Beyond Hope (Tales from the Brink Book 3)

Page 19

by Martyn J. Pass


  At some point during all the talk and chatter, Alan turned and found her in the crowd, smiling as their eyes met, sending ripples of delight through her body. This was truly the Medved, the Bear the Russian had spoken of with such pride, such fiery hope that she felt her chest swell with the same admiration for a simple, honest man who'd had the fear of death taken from him and replaced with the burning desire to see the best in people.

  Her only worry was the cost to herself and would she be willing to pay it when the time came.

  CHAPTER EIGHTEEN

  When the plans were finalized and the people set to work, Alan told them that they were leaving and they all wished them both well.
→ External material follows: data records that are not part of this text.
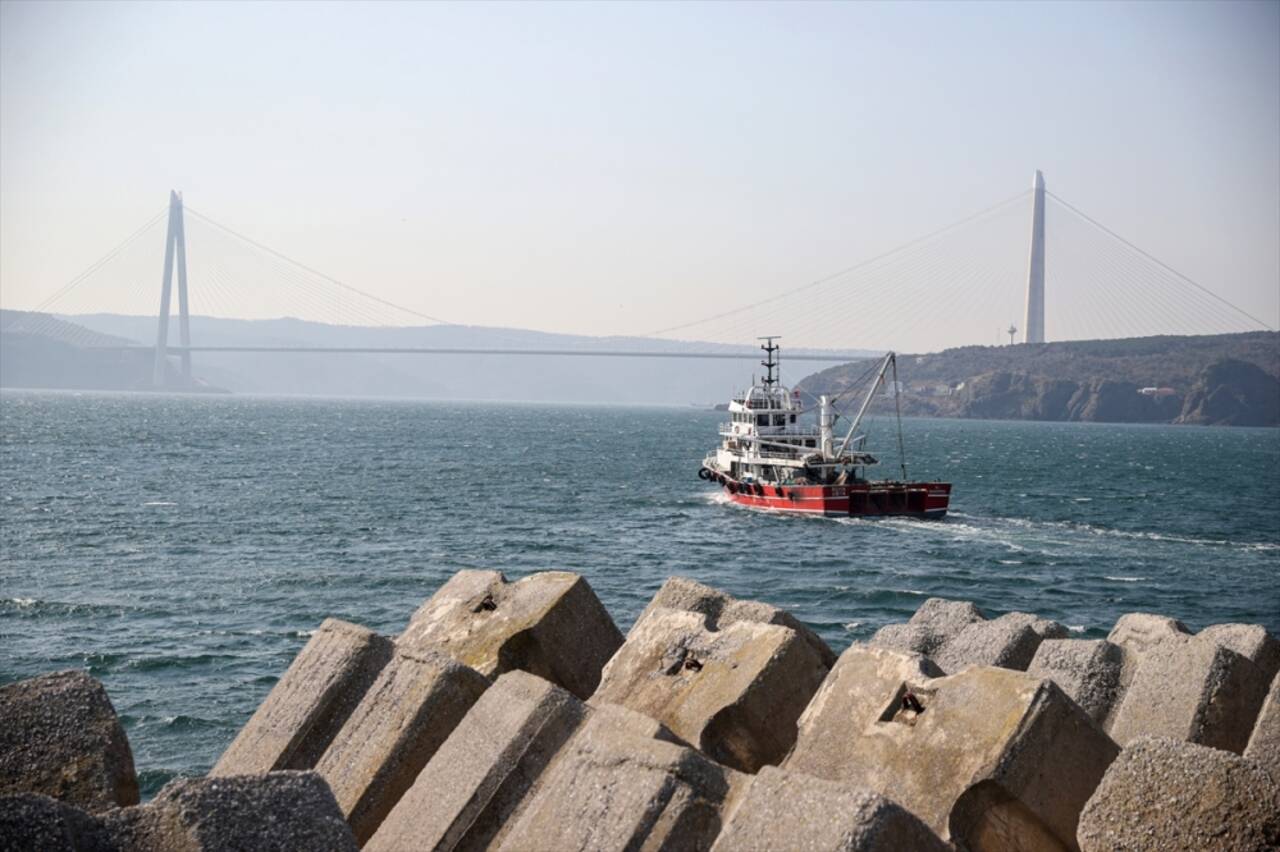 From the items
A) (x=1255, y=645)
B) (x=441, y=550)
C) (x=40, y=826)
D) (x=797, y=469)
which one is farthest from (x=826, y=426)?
(x=40, y=826)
Sarah had already climbed into the saddle of Ziggy and Moll ran circles around her master until he climbed the box and mounted his horse.

  “Are we ready?” he asked her.

  “Not really,” she laughed. “But we've gotten this far, haven't we?”

  “That's true enough.”

  The crowd parted and escorted them all the way back to the road, trying to snatch a little more of them before they left. It was clear they wanted them to stay and help but they had no choice; their road lay ahead, to Hope and to a solution that would be more long term than just holding back the coming tide. Whatever their plan might be, it couldn't be carried out there in amongst the fragile homes of a troubled community.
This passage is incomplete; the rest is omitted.